#### The input
___

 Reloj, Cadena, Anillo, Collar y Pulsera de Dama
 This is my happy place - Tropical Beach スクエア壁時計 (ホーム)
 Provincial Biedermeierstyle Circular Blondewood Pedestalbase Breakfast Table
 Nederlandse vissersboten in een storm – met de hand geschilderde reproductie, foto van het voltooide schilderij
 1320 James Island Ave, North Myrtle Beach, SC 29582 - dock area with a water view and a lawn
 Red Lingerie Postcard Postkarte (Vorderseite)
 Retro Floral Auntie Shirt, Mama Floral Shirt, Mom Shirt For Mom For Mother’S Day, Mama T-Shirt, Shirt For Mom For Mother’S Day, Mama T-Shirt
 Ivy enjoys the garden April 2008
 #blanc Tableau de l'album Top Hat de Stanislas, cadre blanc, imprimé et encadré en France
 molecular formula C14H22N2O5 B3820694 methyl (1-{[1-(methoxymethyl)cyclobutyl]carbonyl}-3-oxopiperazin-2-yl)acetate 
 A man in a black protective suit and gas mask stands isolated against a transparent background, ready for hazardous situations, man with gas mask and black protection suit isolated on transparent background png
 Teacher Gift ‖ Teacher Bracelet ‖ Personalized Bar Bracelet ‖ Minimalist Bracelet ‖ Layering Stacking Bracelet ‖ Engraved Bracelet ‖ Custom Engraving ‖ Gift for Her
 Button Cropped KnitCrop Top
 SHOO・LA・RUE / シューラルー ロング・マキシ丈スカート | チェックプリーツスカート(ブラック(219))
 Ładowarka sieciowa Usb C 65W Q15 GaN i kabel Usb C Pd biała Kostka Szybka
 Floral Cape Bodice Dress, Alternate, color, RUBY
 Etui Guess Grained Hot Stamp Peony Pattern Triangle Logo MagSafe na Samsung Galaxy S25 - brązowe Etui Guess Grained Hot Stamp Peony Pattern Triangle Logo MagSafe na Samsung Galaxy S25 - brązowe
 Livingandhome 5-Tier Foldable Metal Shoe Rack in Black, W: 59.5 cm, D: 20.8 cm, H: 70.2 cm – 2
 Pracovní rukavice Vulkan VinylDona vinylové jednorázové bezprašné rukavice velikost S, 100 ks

___

#### Required work
Repeat the line that contains "Button Cropped KnitCrop Top", then every line after it until the records end, with nothing added.

#### Written answer
 Button Cropped KnitCrop Top
 SHOO・LA・RUE / シューラルー ロング・マキシ丈スカート | チェックプリーツスカート(ブラック(219))
 Ładowarka sieciowa Usb C 65W Q15 GaN i kabel Usb C Pd biała Kostka Szybka
 Floral Cape Bodice Dress, Alternate, color, RUBY
 Etui Guess Grained Hot Stamp Peony Pattern Triangle Logo MagSafe na Samsung Galaxy S25 - brązowe Etui Guess Grained Hot Stamp Peony Pattern Triangle Logo MagSafe na Samsung Galaxy S25 - brązowe
 Livingandhome 5-Tier Foldable Metal Shoe Rack in Black, W: 59.5 cm, D: 20.8 cm, H: 70.2 cm – 2
 Pracovní rukavice Vulkan VinylDona vinylové jednorázové bezprašné rukavice velikost S, 100 ks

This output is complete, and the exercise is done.